Part of Monday’s discussion included an overview of the reasons and rationale for managing Edmonds’ urban forest.

Powers went on to explain that the existing tree code is directed at developers and new construction, pointing out that these regulations left trees on private property largely unaddressed.

“Because the majority of trees in our community are on private property, we need to include these in any meaningful urban forest management plan,” she added.

Explaining that this may be viewed as phase two of the overall tree code development process, she outlined the immediate questions that need to be answered in revising the current code:

1. Should there be limits on property owner tree removals?

2. What minor changes are required to clean up the current code?

3. Where can it be simplified and clarified? For example:

  • Where can it be better aligned with industry standards?
  • Can the review process be streamlined?
  • Where is further interpretation needed to clarify vague areas of the code?

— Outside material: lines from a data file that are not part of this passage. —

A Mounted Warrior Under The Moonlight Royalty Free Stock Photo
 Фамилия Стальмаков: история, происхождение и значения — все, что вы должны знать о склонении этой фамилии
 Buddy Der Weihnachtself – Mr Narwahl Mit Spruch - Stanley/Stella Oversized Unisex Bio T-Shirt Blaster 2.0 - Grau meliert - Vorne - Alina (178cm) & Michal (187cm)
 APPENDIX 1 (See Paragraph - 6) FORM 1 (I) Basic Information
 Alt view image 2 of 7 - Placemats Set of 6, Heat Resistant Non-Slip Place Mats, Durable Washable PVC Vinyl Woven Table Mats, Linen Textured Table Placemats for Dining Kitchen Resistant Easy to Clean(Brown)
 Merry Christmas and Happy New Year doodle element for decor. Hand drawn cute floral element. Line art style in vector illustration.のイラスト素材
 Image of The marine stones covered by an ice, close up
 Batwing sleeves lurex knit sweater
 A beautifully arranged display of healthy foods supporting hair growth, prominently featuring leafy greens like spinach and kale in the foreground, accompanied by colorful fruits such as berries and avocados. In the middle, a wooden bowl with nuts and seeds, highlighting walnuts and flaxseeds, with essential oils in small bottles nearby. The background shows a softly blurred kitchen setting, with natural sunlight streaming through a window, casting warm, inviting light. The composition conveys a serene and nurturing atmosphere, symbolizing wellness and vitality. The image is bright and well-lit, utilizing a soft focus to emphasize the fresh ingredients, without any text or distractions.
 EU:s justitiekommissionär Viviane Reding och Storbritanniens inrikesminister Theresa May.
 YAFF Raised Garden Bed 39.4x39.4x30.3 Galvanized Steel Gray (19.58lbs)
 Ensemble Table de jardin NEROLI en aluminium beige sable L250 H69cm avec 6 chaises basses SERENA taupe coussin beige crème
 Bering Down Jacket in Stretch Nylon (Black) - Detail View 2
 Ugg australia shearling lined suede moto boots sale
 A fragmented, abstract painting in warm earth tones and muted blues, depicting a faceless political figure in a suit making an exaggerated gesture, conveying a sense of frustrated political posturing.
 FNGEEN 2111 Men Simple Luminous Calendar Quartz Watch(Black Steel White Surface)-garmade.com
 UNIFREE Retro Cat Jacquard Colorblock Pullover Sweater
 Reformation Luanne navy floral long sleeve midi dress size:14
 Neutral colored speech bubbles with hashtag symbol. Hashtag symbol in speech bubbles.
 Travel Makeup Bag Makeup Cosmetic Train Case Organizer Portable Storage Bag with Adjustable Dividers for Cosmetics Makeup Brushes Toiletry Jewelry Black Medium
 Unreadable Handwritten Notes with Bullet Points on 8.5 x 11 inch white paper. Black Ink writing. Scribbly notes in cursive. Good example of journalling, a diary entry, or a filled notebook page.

She stressed that the effort does not mean a do-over of the current code, rather just changes to extend and make it adaptable to trees on private property.

Specific questions include, but are not limited to, the following:

  • Should the city allow a limited number of removals?
  • Should there be a wait time between removals?
  • How should the city address landmark trees?
  • What should trigger permit and other fees?
  • Should there be a minimum number of existing trees on a property?
  • Should replacement trees be required?
Initial polling results from attendees on their opinion of the current tree code yielded this pie chart.

She next introduced the consultant project team from PlanIT Geo, which guided attendees through an electronic polling process as the first step collecting baseline public input. The process allowed those attending virtually to participate equally with those present in person. It considered questions on the relative importance of equitable tree cover, tree protection during construction, and whether there should be any codes/restrictions on privately owned trees.

Results from instant polling of attendees on several key questions.
Live attendees were able to respond to the instant poll via a smartphone app interface that allowed them to rate their answers on a sliding scale.

The group polling was followed by breakout sessions where small groups discussed and reported back, giving their input on three key issues:

1. What is one thing you’d change about the tree code relating to development activity?

2. What is one thing you’d change about the tree code relating to private owner tree removal?

3. What role do you think the city should have in managing tree activities?

Breakout groups consider public vs. private tree regulations, and the appropriate role of the city.
Breakout groups gather to consolidate their input.

Due to time constraints, not all breakout groups were able to report back. Those that did cited the need to revisit the fee structure, how the codes would be enforced, and how to balance the property rights of the owner with the need to manage the urban forest for all.

The steps leading to the anticipated adoption of revised tree codes by the Edmonds City Council in third quarter 2023.

Powers stressed that Monday’s session was just the beginning of the survey process. To involve as many citizens as possible, the survey continues online through May 19. She urges community members to visit the project website and take the survey. Results will be tabulated by consultants PlanIt Geo and will be provided to the Edmonds Planning Board and City Council to inform their deliberations. You can directly link to the survey by scanning this QR code:

The survey is now available online to all citizens for input.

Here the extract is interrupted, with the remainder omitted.